[Opening Task data section]

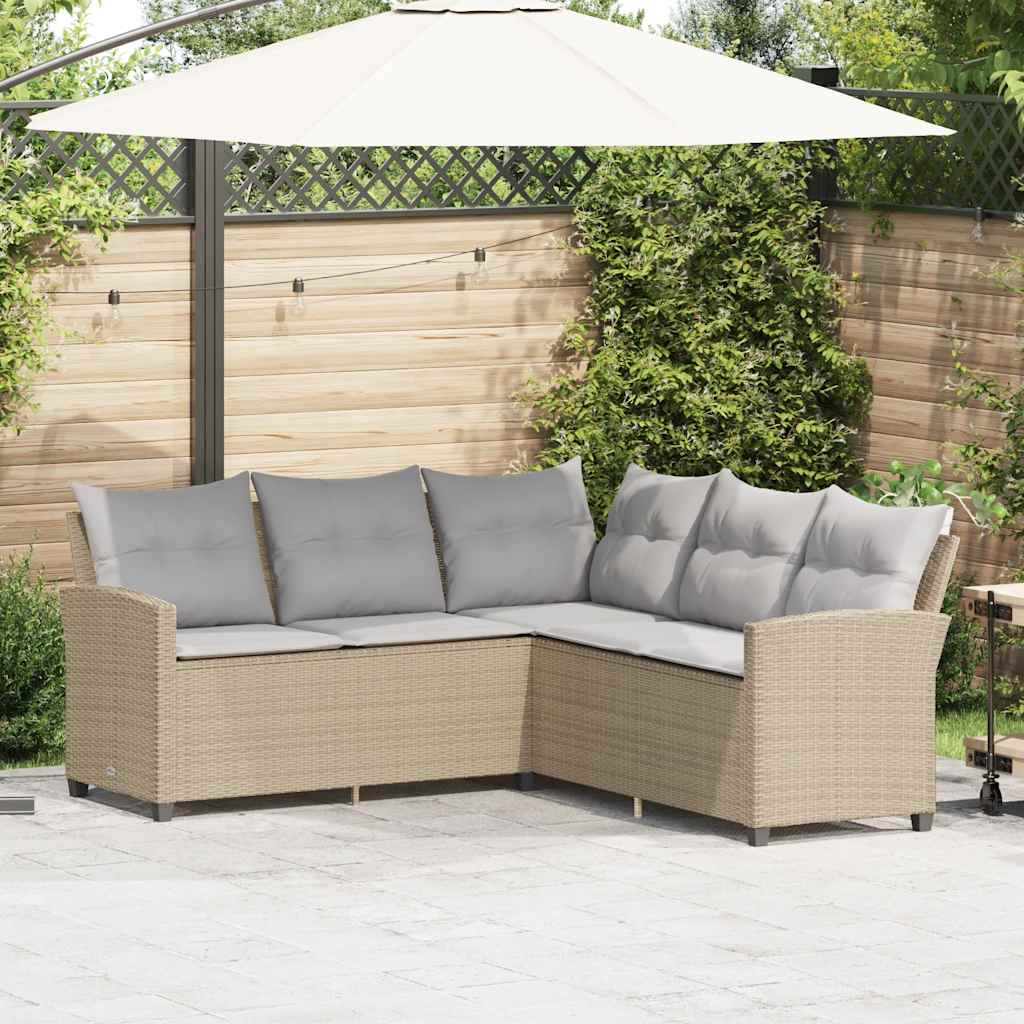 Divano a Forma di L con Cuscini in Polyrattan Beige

[Closing Task data section]
[Opening Task data section]

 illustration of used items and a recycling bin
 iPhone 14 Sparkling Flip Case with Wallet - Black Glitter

[Closing Task data section]

* **Work instruction**
From the line that has "illustration of used" through the line that has "iPhone 14 Sparkling", copy every line exactly as it appears above, and leave out all others.

* **Task response**
 illustration of used items and a recycling bin
 iPhone 14 Sparkling Flip Case with Wallet - Black Glitter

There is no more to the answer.